We are sorry for the inconvenience.

asad.ali · November 3, 2023, 10:14pm

@frimbingpickering

We request you please use the latest available version of the API and see if the issue still persists. We believe that its fixed in the latest version.

frimbingpickering · November 7, 2023, 9:25am

I have ran a test on Aspose.OCR version 23.10.1 using a set of images, including the previously showcased flower image. This test was done using the same program used to reproduce the original issue, and produced the following result: flower.pdf (3.9 MB)

As you can see the resulting PDF still shows a skewed result.

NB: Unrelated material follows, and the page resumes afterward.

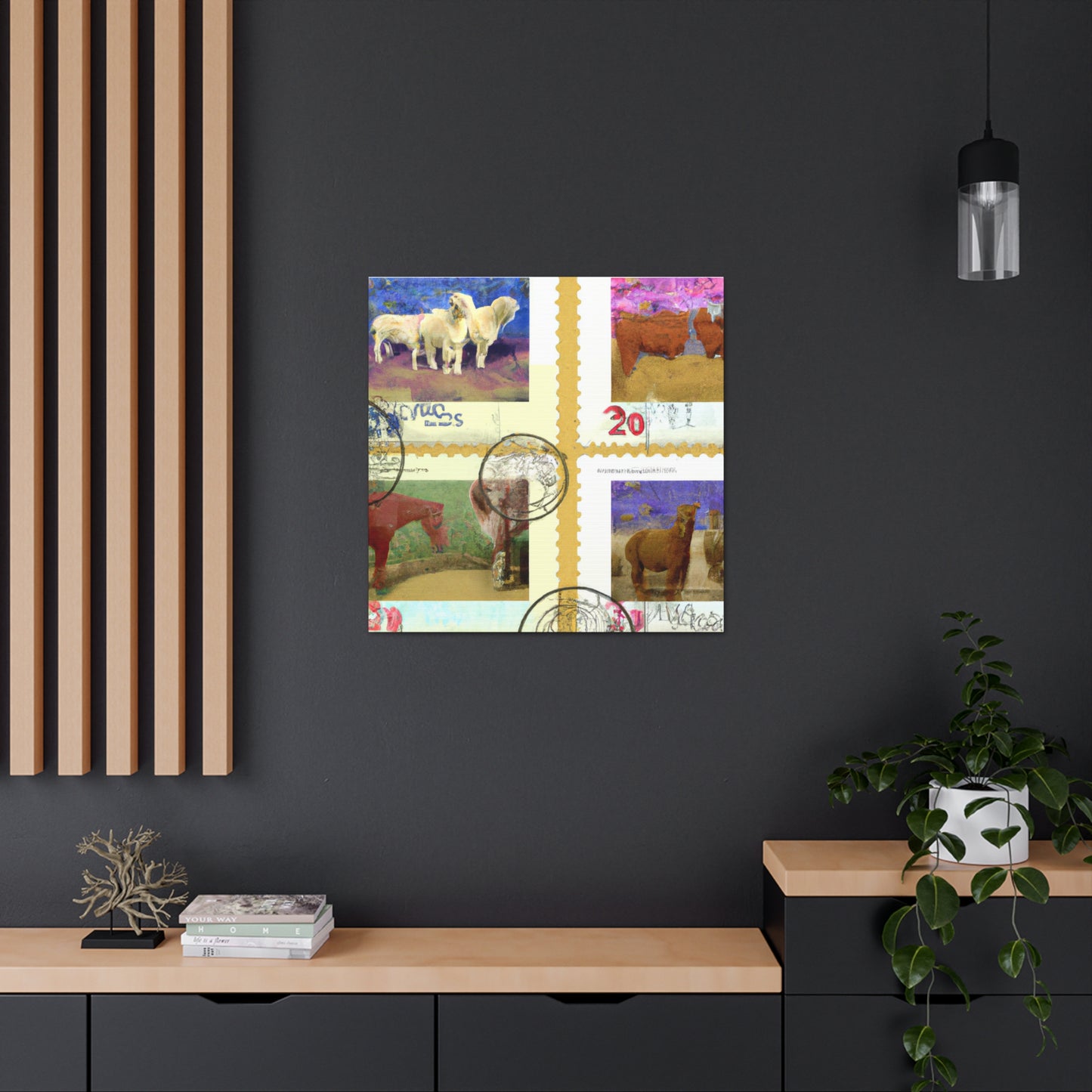 "Cultural Crossroads" - Postage Stamp Collector Canvas Wall Art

I ran this test on various data and found that some automatic processing is done on images to rotate, change the aspect ratio, or otherwise change the canvas size of the resulting image as a PDF.

asad.ali · November 7, 2023, 6:31pm

@frimbingpickering

Thanks for your feedback. We have updated the ticket information and will let you know in case we have further updates.

anna.pylaieva · January 31, 2024, 4:05pm

Hi @frimbingpickering, I’m a developer from Aspose.OCR team. Please try to use the latest release (24.1.0). I no longer get distortions in the output PDF file

frimbingpickering · February 6, 2024, 1:12pm

Hi @anna.pylaieva thank you for the update. I have ran my test set of images through a program using Aspose.OCR version 24.1.0 and have concluded that the issues do indeed seem to be resolved!

For example, the flower.pdf file which previously was a rotated, cropped and rescaled onto an A4-sized canvas version of the image is now represented 1:1 as seen here:
flower.pdf (3.9 MB)

Thank you once again for the update and the work in resolving this issue.

asad.ali · February 6, 2024, 10:49pm

@frimbingpickering

It is nice to know that your issue has been resolved. Please keep using the API and feel free to create a new topic in case you need further assistance.